Caro is renowned for creating large and small works. Get the group to walk around the sculpture and imagine how the work would feel if it was twice or half the size.

Count and identify the shapes in “Early One Morning”. Cut the shapes out of red card and make sculptures that are similar to Caro’s by incorporating wire, pipe cleaners or straws. Create similar sculptures but in different colours and explore emotional reactions to bright and dark colours.

As a group, how do they feel on a bright sunny morning with the sun shining through the window? Ask for one-word responses and write them down on a flip chart. Get children to create poems exploring these feelings, using these words for stimulus.

Using their sketchbooks, get students to draw the sculpture quickly and fluidly. Reduce it to a series of thin lines exploring the horizontal and vertical planes. On a different page, get them to draw the space around the sculpture looking at the angles that it creates.

Caro uses a variety of materials, including found objects, in his sculptures. Gather a variety of found objects from different locations, such as the school grounds and the classroom. Construct sculptures using these found objects. Paint the sculptures when complete and give them titles. Play around with the placement of the sculptures, on pedestals and on the ground.

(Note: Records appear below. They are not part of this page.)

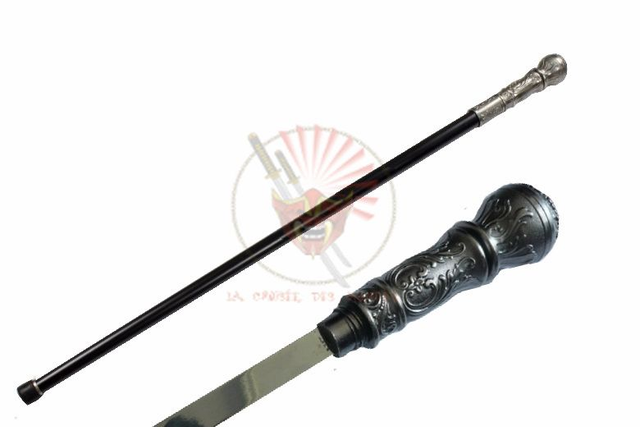 canne epee (taille 90cm) 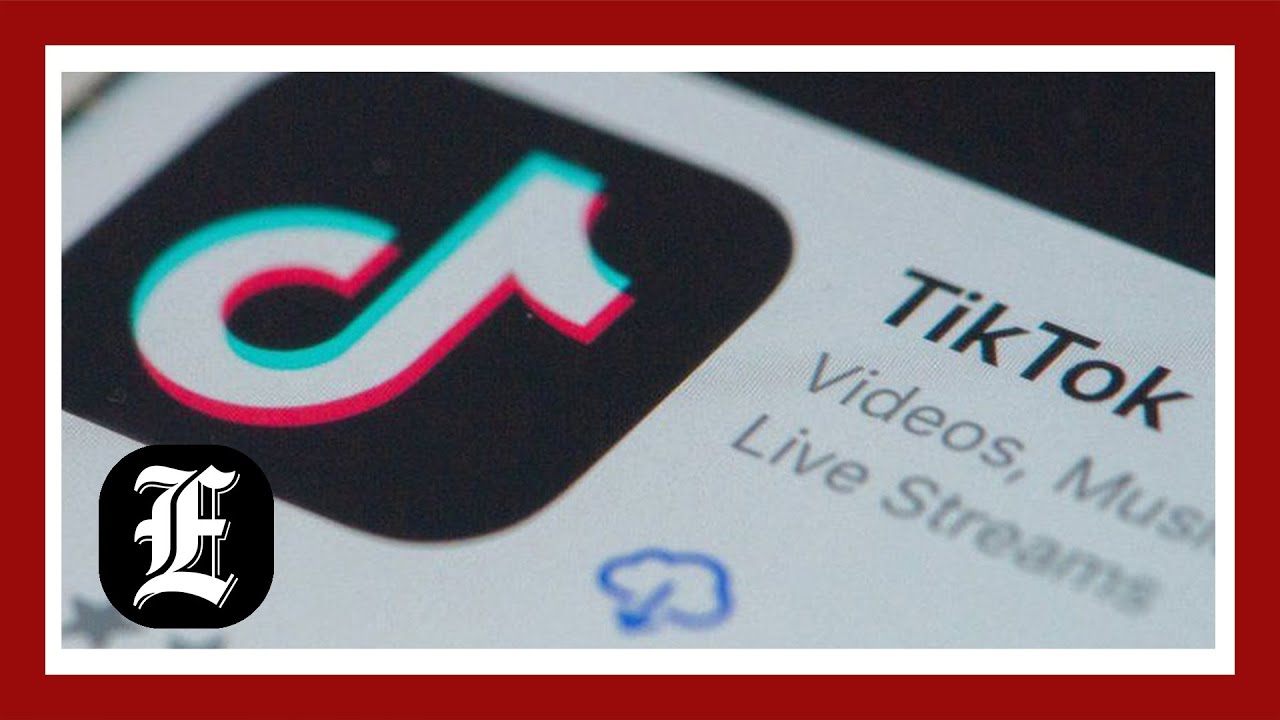 Senate unanimously passes bill banning TikTok from government devices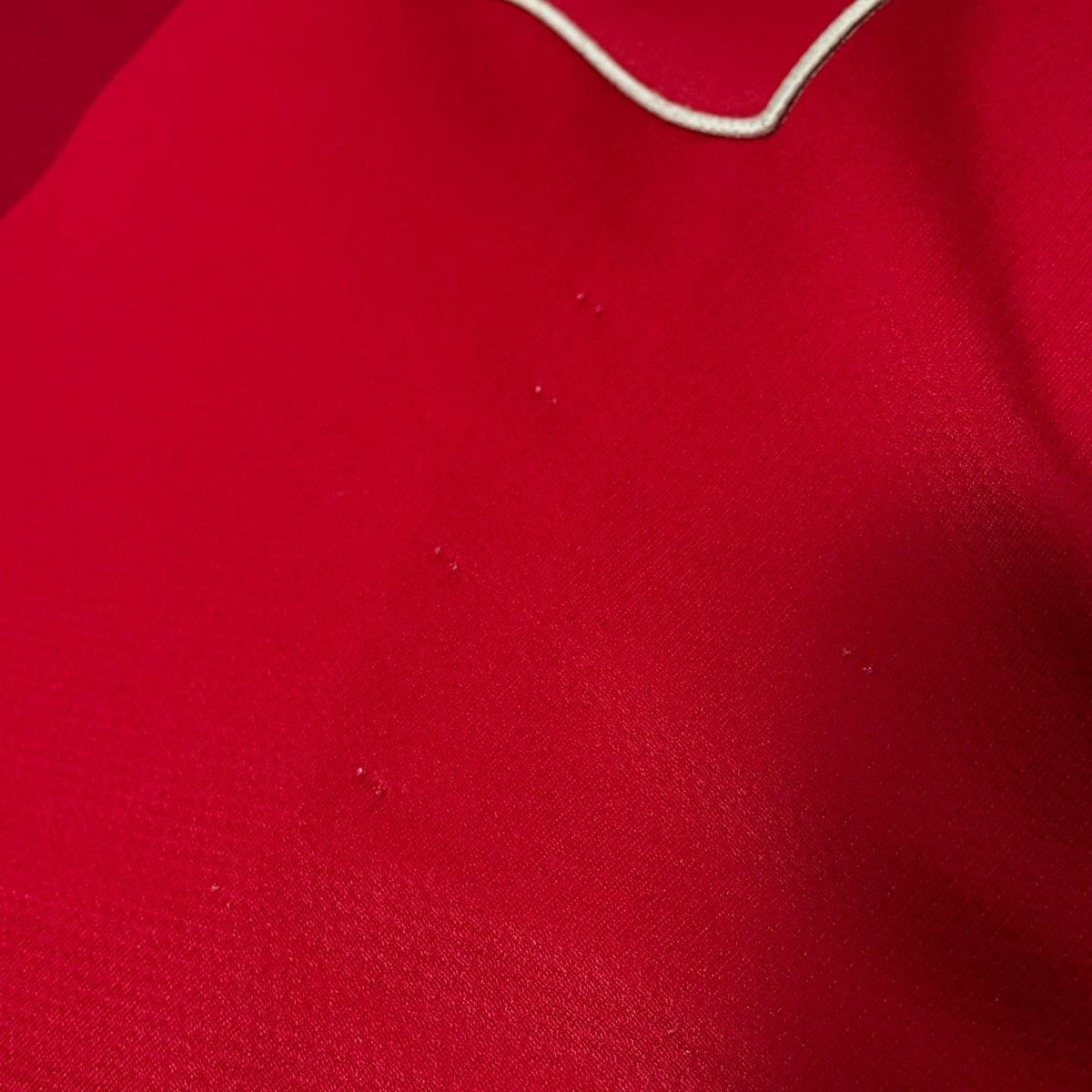 Nike Vintage Nike Turkey 2006 soccer football jersey blokecore Size US XL / EU 56 / 4 - 6 Thumbnail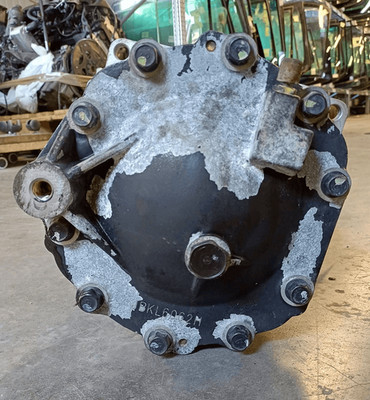 Hinterachsdifferential. kompl.  KIA SPORTAGE 2a Serie 2.0 CRDI VGT 16V SUV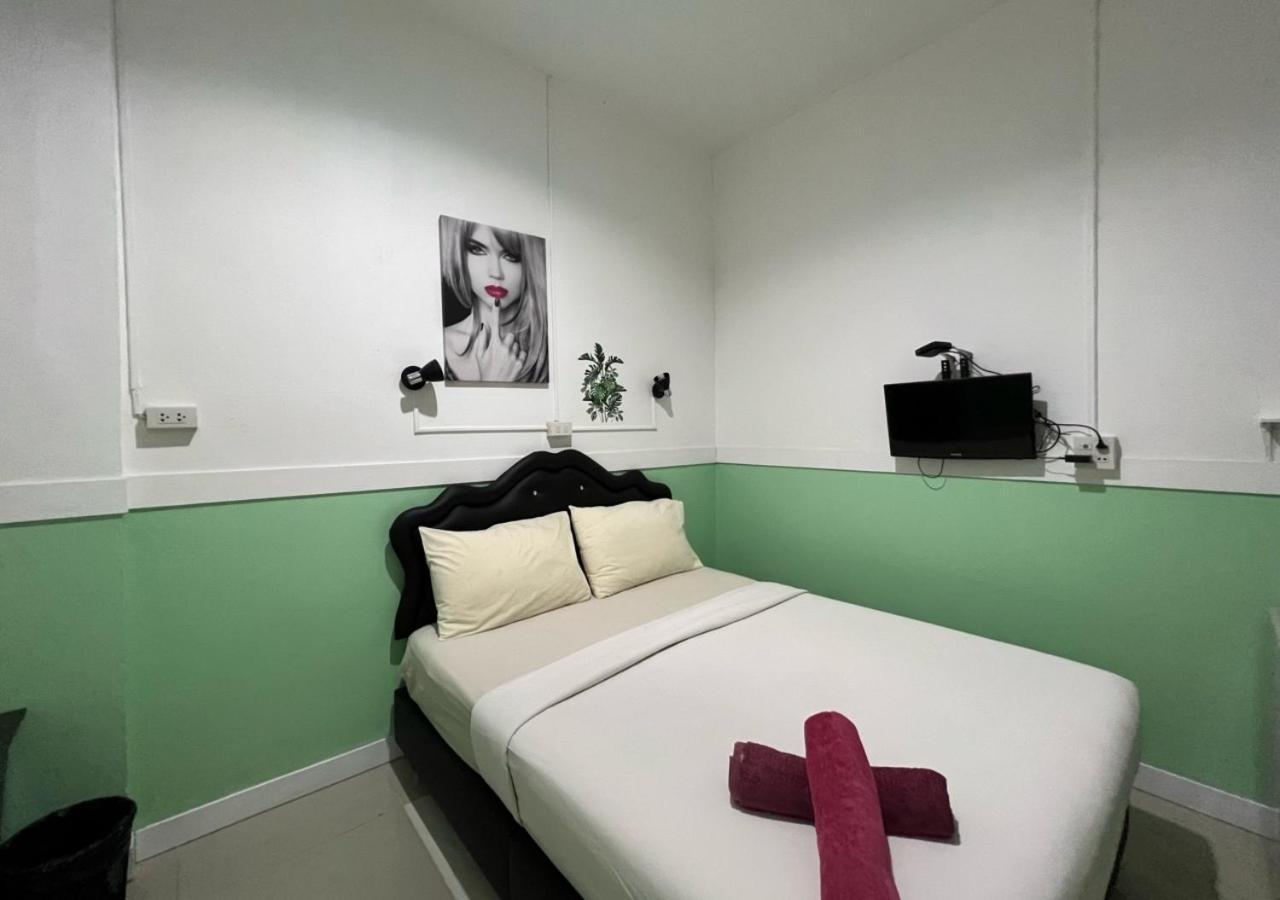La Bella Samed Apartment Koh Samet Екстериор снимка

Caro worked part-time for the sculptor Henry Moore at the start of his career. Contrast Caro with Henry Moore. Caro was an influential tutor at St Martin’s School of Art. Many of his pupils went on to become famous sculptors in their own right. Research their work and compare their differences and similarities.

Resources www.tate.org.uk

www.anthonycaro.org

www.accessart.org.ukwhatissculpture

Interpreting Caro by Paul Moorhouse (Tate) Passages in Modern Sculpture by Rosalind Krauss, (MIT Press)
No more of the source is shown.